綴:ちなみに、恋一さんが僕をヴォーカルに選んだのは、「明日死にそうだから」って理由ですからね。「あ、こいつステージで死ぬなー」と思ったらしくて「一緒にバンドやろ」って思ったらしいですよ。
――あの鬼気迫るライブを観れば納得です。
メト:………………………。
るあな:ちなみに僕は昨日、恋一に「きみは天使みたいな存在だ」って言われた、と言っています。
綴:え、それ、明日死にそうなんじゃなくて、もう死んでるってこと?
全員:(笑)
◆バンドの名刺代わりです(MiA)
――今回のシングルコレクションはどんな位置づけの作品ですか?
MiA:バンドの名刺代わりですね。MEJIBRAYは曲が多いから、バンドを紹介するとき、どのCDを渡したらいいかわからないじゃないですか。でも、これを1枚渡せばわかってもらえるなと。これを聴いて引っかかるものがあったら他の音源も聴いてもらって。
綴:うん。『MESSIAH.bat』(2013年リリースのミニアルバム)を買って…
MiA:『Slivers.exe』(2011年リリースのミニアルバム)も買って…、シングルを全部揃えて…、DVDまでコンプリートしてもらえればと思います(笑)。
――それにしても、今回10曲を改めて聴き直してみて、MEJIBRAYの楽曲はメタル色が強いのに、メロが美しくて本当に聴きやすいと思いました 。
綴:バンドを始めた当初から「歌えるメロディ」「耳に残るメロディ」というのを掲げていたんです。
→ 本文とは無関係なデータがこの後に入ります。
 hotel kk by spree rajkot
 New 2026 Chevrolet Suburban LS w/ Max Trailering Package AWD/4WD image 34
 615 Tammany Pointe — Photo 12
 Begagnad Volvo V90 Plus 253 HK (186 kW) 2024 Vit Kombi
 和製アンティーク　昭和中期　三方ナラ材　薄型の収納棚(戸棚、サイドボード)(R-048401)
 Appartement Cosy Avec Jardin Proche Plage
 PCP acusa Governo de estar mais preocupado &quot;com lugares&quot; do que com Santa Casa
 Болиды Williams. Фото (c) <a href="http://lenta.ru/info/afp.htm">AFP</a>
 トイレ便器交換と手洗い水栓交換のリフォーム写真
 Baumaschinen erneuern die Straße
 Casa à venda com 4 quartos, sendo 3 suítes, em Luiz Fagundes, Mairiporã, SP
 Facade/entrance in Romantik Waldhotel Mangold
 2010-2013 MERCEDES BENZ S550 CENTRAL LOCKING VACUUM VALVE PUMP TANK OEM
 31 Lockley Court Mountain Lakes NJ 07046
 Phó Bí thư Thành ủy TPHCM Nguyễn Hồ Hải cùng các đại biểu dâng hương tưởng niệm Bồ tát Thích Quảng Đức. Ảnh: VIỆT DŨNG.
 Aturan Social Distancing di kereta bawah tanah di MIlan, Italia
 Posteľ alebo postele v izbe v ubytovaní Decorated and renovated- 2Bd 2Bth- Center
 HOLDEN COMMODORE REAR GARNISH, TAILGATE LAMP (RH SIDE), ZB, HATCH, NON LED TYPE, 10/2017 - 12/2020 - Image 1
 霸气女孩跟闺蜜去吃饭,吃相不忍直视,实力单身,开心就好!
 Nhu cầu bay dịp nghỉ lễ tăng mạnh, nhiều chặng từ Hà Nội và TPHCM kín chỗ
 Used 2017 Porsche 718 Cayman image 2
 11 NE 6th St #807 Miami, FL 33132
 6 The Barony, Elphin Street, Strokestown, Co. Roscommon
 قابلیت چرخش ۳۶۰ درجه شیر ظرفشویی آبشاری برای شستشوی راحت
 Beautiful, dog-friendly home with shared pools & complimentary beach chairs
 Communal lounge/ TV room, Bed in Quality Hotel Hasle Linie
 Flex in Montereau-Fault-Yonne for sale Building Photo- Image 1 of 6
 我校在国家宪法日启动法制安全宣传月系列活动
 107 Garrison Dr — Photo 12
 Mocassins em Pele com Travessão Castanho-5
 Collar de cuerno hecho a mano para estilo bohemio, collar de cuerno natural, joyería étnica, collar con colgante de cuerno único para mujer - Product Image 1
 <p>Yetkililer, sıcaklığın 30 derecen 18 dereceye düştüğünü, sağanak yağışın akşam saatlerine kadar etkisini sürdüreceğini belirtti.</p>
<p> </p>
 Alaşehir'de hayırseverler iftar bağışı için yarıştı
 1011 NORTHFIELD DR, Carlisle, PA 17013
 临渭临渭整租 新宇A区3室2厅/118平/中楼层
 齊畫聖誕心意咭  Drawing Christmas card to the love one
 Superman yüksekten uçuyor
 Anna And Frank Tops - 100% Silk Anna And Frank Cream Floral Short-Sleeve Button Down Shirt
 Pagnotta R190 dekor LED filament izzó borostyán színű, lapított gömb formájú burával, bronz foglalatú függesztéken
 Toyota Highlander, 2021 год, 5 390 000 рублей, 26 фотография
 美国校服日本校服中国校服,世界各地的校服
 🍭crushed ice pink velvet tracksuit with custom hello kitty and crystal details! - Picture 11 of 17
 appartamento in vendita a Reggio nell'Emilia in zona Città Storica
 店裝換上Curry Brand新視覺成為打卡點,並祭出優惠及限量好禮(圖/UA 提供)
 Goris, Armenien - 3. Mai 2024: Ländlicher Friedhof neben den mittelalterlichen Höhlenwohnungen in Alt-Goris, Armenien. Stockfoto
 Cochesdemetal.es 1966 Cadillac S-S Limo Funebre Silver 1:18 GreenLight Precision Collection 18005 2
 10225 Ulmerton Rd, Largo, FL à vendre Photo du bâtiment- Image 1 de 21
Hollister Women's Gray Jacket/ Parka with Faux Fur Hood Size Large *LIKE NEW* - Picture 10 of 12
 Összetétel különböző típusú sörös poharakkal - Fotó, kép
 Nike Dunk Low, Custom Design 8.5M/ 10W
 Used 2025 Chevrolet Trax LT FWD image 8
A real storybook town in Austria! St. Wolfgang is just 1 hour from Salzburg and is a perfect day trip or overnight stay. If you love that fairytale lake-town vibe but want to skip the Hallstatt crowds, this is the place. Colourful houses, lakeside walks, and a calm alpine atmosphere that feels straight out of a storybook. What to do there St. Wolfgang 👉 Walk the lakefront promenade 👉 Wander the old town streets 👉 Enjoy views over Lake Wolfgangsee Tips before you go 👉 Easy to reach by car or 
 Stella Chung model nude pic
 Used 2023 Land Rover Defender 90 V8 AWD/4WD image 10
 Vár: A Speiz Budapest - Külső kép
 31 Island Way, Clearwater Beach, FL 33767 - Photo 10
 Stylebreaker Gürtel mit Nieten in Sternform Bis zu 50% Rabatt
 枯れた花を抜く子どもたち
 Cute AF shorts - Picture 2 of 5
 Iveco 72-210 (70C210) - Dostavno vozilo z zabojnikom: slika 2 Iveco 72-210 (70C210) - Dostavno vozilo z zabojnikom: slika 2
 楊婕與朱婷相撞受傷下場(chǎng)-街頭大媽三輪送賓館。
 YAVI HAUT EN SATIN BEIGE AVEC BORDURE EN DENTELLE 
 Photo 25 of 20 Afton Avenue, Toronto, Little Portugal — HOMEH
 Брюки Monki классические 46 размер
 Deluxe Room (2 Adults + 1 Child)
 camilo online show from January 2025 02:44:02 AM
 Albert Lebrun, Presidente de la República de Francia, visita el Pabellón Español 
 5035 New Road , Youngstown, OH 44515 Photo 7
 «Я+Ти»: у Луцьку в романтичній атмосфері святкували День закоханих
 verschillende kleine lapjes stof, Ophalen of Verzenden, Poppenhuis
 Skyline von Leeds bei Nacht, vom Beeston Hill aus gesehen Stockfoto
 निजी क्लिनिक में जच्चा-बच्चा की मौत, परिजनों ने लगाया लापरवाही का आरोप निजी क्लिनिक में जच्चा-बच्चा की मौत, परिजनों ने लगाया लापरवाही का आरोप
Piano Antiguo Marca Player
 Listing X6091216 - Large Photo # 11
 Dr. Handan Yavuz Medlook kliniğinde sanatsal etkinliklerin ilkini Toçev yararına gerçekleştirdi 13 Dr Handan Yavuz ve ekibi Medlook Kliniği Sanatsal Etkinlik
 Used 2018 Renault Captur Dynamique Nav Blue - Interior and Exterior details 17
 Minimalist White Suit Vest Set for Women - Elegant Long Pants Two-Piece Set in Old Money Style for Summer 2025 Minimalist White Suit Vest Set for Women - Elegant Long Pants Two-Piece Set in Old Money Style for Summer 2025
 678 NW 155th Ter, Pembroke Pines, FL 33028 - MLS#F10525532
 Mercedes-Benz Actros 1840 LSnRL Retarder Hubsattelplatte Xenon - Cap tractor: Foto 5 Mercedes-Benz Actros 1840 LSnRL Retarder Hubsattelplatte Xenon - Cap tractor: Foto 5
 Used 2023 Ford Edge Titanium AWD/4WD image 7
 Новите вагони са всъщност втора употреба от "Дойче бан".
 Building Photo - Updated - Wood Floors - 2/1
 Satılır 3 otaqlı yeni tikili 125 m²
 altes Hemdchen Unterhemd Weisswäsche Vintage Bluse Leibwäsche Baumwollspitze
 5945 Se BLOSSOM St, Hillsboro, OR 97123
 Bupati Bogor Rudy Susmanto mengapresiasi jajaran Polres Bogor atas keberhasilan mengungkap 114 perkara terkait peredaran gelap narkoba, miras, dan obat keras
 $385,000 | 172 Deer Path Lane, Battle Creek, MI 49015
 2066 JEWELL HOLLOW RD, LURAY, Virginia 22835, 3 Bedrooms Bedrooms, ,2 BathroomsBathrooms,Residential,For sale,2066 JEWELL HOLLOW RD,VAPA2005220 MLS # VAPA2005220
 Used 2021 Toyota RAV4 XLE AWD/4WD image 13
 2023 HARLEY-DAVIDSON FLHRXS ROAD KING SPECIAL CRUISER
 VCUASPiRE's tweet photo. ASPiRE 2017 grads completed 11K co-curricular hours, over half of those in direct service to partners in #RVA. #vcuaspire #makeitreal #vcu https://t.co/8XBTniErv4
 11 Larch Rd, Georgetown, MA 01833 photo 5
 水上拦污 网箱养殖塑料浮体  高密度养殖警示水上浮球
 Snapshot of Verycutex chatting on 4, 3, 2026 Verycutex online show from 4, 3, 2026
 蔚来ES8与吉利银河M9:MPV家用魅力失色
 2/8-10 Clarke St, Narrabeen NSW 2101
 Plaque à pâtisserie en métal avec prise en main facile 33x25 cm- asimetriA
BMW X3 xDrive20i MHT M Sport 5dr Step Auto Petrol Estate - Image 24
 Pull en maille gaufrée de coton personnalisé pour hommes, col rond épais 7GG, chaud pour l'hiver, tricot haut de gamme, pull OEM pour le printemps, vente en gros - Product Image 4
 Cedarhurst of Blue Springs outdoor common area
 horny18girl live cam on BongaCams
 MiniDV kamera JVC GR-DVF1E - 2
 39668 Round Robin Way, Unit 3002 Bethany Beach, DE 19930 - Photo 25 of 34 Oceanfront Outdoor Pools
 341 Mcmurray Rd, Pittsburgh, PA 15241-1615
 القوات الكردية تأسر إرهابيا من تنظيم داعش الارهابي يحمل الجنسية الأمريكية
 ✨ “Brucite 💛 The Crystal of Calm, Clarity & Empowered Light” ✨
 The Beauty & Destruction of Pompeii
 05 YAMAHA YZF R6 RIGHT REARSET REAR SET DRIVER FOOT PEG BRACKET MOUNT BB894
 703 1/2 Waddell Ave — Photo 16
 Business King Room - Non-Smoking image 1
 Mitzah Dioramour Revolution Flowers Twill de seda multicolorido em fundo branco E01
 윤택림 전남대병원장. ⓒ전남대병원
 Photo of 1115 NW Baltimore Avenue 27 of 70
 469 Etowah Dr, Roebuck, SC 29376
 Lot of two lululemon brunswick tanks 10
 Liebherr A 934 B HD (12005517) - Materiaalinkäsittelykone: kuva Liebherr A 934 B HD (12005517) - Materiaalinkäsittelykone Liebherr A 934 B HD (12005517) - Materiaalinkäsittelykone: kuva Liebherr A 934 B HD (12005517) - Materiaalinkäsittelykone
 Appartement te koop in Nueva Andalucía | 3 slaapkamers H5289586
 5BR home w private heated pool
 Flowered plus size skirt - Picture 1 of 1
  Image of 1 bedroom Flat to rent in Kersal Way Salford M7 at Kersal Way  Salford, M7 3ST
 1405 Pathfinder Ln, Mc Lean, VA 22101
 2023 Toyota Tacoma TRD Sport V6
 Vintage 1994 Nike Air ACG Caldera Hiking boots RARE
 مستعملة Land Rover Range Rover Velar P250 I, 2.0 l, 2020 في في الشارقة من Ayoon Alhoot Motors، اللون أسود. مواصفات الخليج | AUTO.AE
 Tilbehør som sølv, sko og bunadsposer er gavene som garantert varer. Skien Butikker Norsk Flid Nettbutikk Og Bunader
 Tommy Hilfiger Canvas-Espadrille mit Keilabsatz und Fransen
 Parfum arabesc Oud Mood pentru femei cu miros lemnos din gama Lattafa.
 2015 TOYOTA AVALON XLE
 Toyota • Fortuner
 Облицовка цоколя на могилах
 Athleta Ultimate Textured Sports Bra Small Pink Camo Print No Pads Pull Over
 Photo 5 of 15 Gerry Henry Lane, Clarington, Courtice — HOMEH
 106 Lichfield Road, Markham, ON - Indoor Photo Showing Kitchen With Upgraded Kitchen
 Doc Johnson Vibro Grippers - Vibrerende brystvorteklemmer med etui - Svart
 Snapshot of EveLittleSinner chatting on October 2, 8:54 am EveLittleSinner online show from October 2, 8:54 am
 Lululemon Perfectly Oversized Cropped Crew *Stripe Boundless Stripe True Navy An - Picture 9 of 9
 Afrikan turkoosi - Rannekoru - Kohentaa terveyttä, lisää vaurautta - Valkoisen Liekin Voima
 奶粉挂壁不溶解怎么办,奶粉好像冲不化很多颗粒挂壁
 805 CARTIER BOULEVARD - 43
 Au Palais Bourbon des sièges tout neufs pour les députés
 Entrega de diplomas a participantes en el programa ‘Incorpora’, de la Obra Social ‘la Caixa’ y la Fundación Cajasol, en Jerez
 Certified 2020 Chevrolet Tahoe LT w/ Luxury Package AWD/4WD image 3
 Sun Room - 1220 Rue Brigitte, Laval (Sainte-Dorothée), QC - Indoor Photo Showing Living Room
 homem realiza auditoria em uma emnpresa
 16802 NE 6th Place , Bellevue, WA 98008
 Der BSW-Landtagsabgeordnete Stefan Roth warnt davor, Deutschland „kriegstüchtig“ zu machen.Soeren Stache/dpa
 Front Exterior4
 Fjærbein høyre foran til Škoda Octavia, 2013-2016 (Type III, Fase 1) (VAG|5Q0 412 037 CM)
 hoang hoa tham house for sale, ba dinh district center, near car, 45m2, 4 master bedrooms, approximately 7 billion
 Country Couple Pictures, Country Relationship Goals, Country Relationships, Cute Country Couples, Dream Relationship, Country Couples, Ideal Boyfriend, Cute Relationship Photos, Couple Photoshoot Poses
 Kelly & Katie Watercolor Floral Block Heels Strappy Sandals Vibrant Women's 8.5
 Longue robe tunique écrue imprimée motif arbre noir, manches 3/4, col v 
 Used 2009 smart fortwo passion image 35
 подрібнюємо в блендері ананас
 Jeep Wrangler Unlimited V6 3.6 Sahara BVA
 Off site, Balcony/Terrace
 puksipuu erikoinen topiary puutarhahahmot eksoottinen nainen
シングル曲だけ並べるとそこが際立ちますよね。
――収録された10曲の中で、自分のターニングポイントになった曲はありますか?
MiA:うーん、常に進化はしていますけど、変わってはいないんですよ。ギターや機材は変えたりしていますけど、常に全力なので全てがターニングポイントだと思ってます。
メト:………………………。
るあな:服と一緒ですよ。安くてもおしゃれな人は着こなしちゃうじゃないですか、と言っています。
――確かに! では、メトさんのターニングポイントは?
メト:………………………。
るあな:よくよく考えると僕も進化しているだけで、ガラッとは変わったことはないですね。僕であることには変わりないですから、と言っています。
――恋一さんはベースをリッケンバッカーに変えていますが、これが大きな変化に繋がりましたか?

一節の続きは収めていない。